Ismael Conde Ruiz, seit November 2020 wissenschaftliche Hilfskraft im Raumentwicklungsprojekt. Nach einer längeren selbstständigen Tätigkeit als Silberschmied und Gestalter zog ihn sein Interesse für die Gestaltung vom menschlichen Lebensraum zum Stadtplanungsstudium. Die Wechselwirkung zwischen den Menschen und ihrer Umgebung behandelte er unter anderem in seiner Bachelorarbeit 2020.  Mithilfe seiner Erfahrungen, seiner Kreativität und seinem Wissen möchte er rurale und urbane Lebensräume und so die Lebensqualität und -freude der Betroffenen optimieren. Derzeit absolviert er an der HafenCity Universität Hamburg seinen Master im Fachbereich Stadtplanung.
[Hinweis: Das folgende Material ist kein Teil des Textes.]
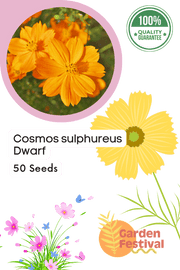 Cosmos sulphureus Mix (Garden Festival) - Farmers Stop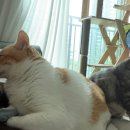 이란성쌍둥이 21~24주차 증상/정밀 초음파/쌍둥이 태아보험 /황금중기 아니고 중기지옥^^../임당 검사 후기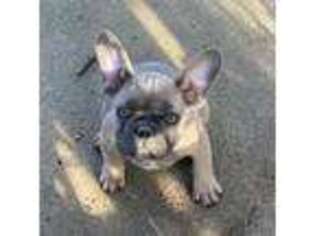 French Bulldog Puppy for sale in Saluda, SC, USA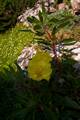 Oenothera macrocarpa IMG_0803 Wiesiołek missouryjski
Neben der Erarbeitung und Auswertung der Beteiligungsformate bringt er seine Expertise zur crossmedialen Gestaltung und Kommunikation des Projektfortschritts in das Projekt ein.
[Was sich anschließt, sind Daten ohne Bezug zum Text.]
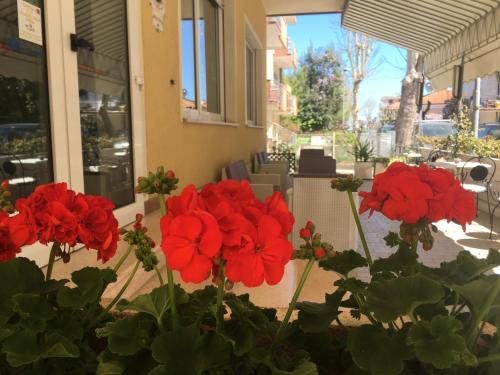 Viserbella Hotel | Hotel Villa Rinaldini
Carlotta Riesmeier, seit März 2021 wissenschaftliche Hilfskraft im Raumentwicklungsprojekt. Sie studierte Psychologie an der Universität Heidelberg und der Western University in Kanada und absolviert aktuell ihren Master an der Universität Hamburg mit einem Fokus auf den Bereich Sozialpsychologie. Die Schnittstelle zwischen Architektur und Psychologie brachte sie zum Raumentwicklungsprojekt. Besonders spannend findet sie die partizipative Vorgehensweise und wie innerhalb dieses Prozesses vielfältige Ideen entstehen. Neben Psychologie-Kenntnissen bringt sie aufgrund bisheriger Tätigkeiten bereits einige Erfahrungen im Projektmanagement mit.
Ihre Haupttätigkeiten im Projekt liegen in der Konzeption und Auswertung von qualitativen sowie quantitativen Online-Formaten. Vor allem ihre Psychologie- und Statistikkenntnisse kommen dabei zum Einsatz.